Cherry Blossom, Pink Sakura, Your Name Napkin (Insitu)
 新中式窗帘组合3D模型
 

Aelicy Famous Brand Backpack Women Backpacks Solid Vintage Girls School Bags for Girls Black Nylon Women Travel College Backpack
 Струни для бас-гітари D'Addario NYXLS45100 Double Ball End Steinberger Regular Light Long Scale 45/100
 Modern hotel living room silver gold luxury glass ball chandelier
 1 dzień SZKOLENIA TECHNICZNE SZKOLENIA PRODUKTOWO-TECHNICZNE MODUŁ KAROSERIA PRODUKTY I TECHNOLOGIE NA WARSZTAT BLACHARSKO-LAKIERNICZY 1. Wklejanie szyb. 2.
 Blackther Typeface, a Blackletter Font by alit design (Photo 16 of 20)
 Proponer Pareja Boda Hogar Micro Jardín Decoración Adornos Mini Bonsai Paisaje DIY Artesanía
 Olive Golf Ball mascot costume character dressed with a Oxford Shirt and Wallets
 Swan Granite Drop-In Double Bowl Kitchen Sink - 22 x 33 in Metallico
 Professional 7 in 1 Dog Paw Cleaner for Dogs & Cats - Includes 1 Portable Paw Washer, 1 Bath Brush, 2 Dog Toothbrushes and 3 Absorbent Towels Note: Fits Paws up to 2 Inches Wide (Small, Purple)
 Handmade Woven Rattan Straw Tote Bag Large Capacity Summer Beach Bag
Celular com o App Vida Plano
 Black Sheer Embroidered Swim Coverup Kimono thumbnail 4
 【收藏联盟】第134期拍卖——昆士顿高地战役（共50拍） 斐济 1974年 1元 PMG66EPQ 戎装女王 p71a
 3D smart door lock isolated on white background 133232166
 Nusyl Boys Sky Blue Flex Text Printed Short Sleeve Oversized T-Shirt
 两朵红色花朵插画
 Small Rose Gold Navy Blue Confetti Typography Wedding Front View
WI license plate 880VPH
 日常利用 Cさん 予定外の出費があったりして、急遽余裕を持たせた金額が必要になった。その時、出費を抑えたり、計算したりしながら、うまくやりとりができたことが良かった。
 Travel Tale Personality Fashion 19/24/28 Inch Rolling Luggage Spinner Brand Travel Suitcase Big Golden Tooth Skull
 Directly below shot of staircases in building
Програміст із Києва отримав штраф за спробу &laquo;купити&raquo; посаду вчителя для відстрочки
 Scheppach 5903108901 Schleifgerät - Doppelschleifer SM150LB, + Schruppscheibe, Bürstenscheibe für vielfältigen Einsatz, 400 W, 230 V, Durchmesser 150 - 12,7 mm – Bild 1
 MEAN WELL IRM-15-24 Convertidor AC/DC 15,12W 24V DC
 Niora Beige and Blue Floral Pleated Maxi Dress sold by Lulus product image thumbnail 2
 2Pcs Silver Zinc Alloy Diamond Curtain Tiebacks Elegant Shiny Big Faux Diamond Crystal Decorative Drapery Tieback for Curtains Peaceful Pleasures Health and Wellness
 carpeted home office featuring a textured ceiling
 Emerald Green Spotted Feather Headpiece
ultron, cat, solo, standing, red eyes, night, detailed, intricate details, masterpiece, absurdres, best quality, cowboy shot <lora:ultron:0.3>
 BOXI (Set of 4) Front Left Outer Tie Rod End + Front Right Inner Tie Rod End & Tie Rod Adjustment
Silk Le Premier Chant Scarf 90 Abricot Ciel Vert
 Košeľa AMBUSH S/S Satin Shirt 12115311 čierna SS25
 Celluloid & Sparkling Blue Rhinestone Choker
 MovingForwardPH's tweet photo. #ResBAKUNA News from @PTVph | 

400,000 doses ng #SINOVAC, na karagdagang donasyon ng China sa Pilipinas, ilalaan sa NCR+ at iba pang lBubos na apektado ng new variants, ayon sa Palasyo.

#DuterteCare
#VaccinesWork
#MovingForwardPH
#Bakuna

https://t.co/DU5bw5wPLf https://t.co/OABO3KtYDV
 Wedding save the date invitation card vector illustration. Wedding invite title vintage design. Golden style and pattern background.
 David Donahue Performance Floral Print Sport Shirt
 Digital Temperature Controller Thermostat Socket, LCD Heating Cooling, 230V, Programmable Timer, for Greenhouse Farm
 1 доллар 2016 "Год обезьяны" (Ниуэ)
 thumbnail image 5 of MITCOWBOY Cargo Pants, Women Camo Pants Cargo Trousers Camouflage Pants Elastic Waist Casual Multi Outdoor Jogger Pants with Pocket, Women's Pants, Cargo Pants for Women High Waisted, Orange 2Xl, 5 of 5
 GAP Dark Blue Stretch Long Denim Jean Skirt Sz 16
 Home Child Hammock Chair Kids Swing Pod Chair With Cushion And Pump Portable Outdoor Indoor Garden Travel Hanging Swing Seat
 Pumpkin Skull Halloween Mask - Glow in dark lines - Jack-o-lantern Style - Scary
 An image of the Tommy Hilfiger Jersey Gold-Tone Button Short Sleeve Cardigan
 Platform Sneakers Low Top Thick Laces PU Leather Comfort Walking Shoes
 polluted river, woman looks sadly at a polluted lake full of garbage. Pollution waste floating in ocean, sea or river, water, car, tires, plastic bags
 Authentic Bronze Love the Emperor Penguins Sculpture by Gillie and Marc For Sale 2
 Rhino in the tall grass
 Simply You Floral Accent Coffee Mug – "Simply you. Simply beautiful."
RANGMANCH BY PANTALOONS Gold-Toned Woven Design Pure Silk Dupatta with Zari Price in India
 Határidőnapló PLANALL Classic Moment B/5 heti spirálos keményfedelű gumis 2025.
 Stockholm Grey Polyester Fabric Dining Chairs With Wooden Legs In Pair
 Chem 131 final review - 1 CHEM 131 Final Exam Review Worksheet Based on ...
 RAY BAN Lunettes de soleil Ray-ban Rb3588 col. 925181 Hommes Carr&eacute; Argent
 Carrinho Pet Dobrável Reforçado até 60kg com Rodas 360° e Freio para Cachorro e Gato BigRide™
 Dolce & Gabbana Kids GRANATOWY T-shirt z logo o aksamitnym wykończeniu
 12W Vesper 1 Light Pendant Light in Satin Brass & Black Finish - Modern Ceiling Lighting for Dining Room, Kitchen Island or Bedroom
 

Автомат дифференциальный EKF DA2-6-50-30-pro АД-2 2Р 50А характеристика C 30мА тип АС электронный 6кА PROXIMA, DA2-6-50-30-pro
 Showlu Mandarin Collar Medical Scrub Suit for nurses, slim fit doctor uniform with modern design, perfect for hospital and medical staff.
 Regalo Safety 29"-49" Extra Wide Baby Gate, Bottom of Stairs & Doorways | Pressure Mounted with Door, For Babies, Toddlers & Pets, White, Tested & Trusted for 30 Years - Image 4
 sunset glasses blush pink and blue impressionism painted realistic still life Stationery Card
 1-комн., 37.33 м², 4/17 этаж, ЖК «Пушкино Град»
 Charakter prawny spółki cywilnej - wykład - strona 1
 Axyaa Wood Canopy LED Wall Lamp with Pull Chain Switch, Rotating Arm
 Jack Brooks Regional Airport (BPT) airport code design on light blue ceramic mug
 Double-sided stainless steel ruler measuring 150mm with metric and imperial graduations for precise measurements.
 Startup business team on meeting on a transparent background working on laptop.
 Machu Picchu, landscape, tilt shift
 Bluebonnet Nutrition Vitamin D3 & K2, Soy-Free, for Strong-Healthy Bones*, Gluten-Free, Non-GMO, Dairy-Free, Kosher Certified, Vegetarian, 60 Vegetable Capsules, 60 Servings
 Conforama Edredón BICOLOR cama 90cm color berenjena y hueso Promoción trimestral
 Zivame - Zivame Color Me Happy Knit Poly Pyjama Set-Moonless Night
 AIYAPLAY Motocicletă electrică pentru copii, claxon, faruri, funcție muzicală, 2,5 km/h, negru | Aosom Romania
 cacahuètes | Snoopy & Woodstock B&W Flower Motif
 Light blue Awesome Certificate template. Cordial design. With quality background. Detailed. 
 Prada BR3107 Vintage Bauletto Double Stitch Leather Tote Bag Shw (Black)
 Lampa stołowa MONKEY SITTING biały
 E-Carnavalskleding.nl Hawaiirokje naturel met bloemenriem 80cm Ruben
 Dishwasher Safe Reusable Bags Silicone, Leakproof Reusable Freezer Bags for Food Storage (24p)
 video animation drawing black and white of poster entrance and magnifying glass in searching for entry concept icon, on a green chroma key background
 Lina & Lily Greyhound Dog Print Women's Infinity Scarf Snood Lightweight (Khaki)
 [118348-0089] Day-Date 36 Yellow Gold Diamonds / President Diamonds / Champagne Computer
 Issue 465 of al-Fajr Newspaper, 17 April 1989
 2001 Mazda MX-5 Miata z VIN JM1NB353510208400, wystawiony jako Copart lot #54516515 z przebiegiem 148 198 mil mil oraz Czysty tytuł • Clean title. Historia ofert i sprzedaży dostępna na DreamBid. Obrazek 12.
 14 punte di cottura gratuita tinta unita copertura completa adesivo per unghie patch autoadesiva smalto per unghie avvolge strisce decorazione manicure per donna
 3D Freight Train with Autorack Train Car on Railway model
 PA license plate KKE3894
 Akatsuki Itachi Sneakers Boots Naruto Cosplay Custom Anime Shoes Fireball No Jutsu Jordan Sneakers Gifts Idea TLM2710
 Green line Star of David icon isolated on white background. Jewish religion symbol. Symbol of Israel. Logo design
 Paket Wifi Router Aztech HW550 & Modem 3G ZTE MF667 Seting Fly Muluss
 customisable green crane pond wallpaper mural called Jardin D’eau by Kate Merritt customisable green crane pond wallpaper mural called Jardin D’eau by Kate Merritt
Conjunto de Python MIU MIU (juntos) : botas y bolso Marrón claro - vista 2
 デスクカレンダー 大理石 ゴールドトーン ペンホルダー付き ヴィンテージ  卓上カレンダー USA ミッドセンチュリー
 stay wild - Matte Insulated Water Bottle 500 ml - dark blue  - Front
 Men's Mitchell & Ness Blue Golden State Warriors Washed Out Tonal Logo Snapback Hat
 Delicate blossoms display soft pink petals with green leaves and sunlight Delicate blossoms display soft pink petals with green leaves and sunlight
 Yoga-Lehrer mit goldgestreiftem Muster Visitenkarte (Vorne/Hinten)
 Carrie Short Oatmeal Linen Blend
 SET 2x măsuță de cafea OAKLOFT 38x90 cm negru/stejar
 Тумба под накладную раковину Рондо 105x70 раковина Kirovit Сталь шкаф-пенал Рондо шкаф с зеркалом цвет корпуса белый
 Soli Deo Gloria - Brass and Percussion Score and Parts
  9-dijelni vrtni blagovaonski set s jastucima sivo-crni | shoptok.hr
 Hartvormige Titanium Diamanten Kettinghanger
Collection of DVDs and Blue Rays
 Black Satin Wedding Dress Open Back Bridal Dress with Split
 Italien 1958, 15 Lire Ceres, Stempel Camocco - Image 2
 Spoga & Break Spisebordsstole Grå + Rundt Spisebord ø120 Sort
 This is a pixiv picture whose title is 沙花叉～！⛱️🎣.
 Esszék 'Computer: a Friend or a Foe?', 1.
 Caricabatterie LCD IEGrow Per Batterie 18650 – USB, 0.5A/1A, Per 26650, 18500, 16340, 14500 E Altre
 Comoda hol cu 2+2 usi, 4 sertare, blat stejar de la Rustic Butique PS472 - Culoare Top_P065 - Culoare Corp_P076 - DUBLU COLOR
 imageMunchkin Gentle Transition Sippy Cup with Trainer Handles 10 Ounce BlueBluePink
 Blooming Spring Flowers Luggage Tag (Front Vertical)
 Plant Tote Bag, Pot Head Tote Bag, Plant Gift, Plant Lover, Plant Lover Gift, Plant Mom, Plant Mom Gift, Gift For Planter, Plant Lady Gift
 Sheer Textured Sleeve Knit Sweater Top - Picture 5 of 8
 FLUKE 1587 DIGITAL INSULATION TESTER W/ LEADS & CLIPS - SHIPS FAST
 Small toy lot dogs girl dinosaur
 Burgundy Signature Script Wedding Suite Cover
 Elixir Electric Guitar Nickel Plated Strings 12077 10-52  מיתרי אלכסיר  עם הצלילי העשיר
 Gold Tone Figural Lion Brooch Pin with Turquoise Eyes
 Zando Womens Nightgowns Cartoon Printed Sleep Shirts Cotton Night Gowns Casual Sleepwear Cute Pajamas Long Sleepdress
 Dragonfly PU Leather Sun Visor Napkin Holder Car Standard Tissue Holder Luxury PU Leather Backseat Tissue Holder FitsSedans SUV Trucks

What you should do:
Search the listing for "quality" and copy each line holding it.

Written solution:
ultron, cat, solo, standing, red eyes, night, detailed, intricate details, masterpiece, absurdres, best quality, cowboy shot <lora:ultron:0.3>
 Light blue Awesome Certificate template. Cordial design. With quality background. Detailed. 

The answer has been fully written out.